The Carers Help Platform was produced from Stairlifts Feedback. Only insert the name of the council for the official you’re searching for in the box below. It will include details about how to get help in this region.

The appraisal of the caregiver should take into consideration the effect of the loving position on the work, safety and well-being, the nature of your existence and your emotions. When, following the review, the municipal government decides whether you are entitled to assistance. That can either be given either to you or to the individual you are cared for.

The form of service given to carers (depending on the need) may include cab fares, a laptop or housework or gardening assistance. When the municipal government determines that you are not suitable for assistance. They will need to supply you with specifics about the relevant community programs that will assist you.

How To Pay For Help

Another key area of this guide to help home carers is If the person you’re taking care of can afford it, one option to consider is to pay someone to provide professional home care. This may be a good solution for times when it’s not convenient for you to be there. For example, a paid carer might be able to prepare lunch for the person you’re looking after while you’re at work.

To find a reliable caregiver, you can see if the local authority can provide you with a list of approved caregivers.

Is There Any Support Available for People Coming Out of Hospital?

When your loved one is in a hospital due to sicknesses, such as a stroke. Or accident, such as a crash, you might be concerned about how to take care of them until they return home. It could be because their independence has diminished and that they may require extra assistance for carrying out their everyday activities.

A discharge review will be rendered until they are released from the hospital. They will decide what treatment they require and whether they are suitable for transitional or rehabilitative care, continued clinical insurance or nursing care, or any public health or community care programs.

A mixture of much separate health or social service providers can be used to determine the discharge. The hospital should have a dedicated Release Coordinator or Ward Care Coordinator who can talk to you about the organization of the assessment and any other concerns you may have.
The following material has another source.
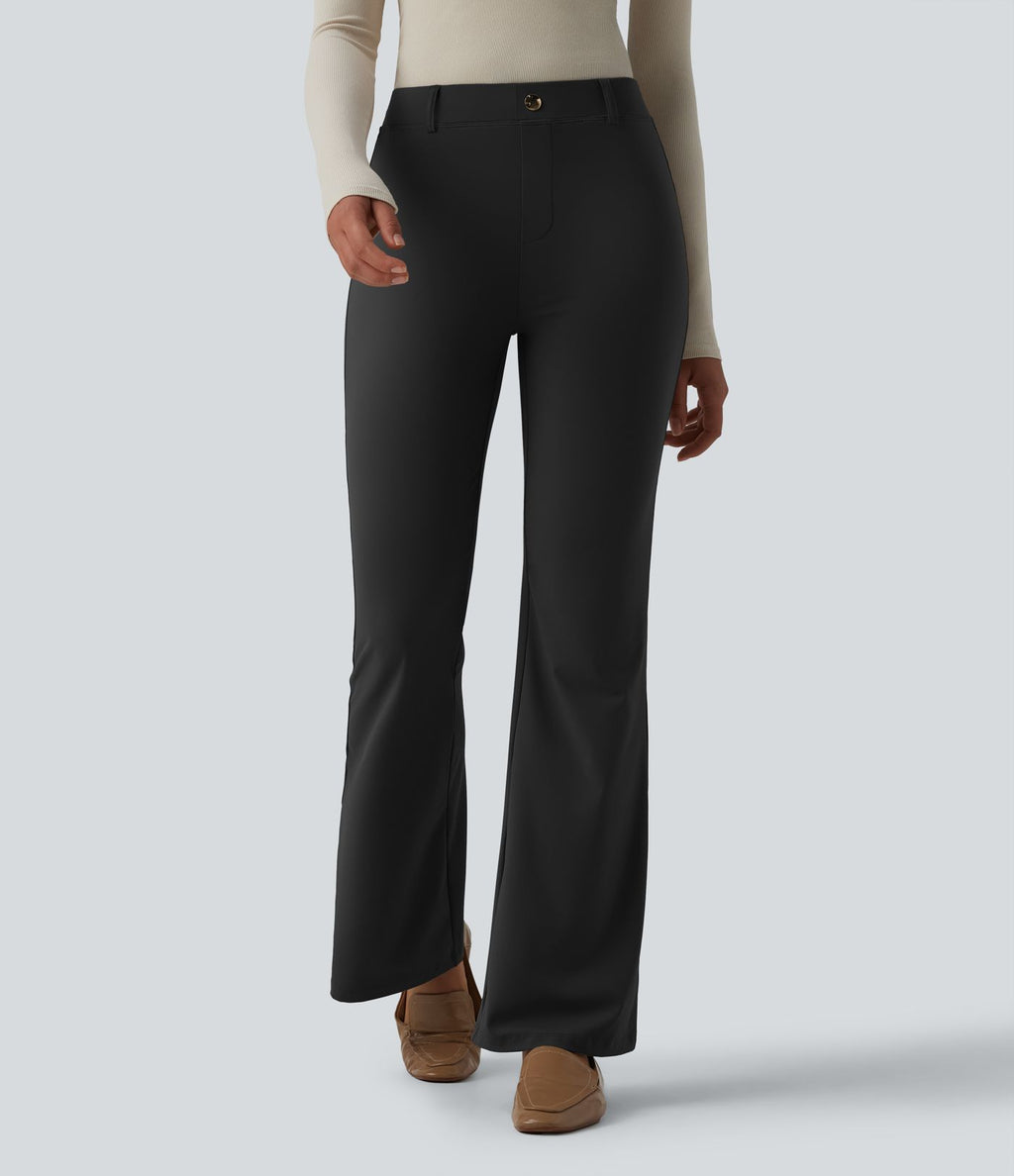 Pantalon tailleur évasé taille haute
As a caregiver, you will always be given a caregiver’s review to test what help you may require as your loved one returns home.

Do I Qualify for Benefits?

There are a number of benefits that you or your loved one may have. As the compensation program is difficult to grasp, you can get a benefit test performed to make sure which compensation, if any, you will demand.

You can search to see if you are qualified online at:

Carer’s Allowance

If you fulfil other requirements, you will be considered for the Carer Payment. For, e.g., you will spend at least 35 hours a week caring for the person you’re taking care of and not make more than £110 a week.

Carer’s Credit

If you look after someone, but you’re not in a position to claim Carer’s Allowance, and you don’t pay National Insurance Contributions through employment, you may be able to claim Carer’s Credit.

You’re not having any money by demanding Carer’s cash. Then, you’re supposed to earn the National Insurance Contribution Bonus. This would further ensure entitlement to a federal pension. 

You need to take care of anyone for 20 hours a week or more to be qualified. Usually, the person you take charge of would be asking for certain rights, but that is not always the case.

Find more information about this at:

Disability Benefits

The individual you care about may be eligible about impairment compensation. Disability payments are not dependent on personal conditions or health insurance premiums. There are other conditions that need to be followed in order to obtain them.

  • Disability Living Allowance (DLA) is for children under 16.
  • Personal Independence Payment is for people aged between 16 and 64.
  • Attendance Allowance is for people over 65.

We hope this guide to help home carers was helpful and if you should check out more on the top stairlift manufacturers and see what benefits a stairlift can have on your loved ones or clients life.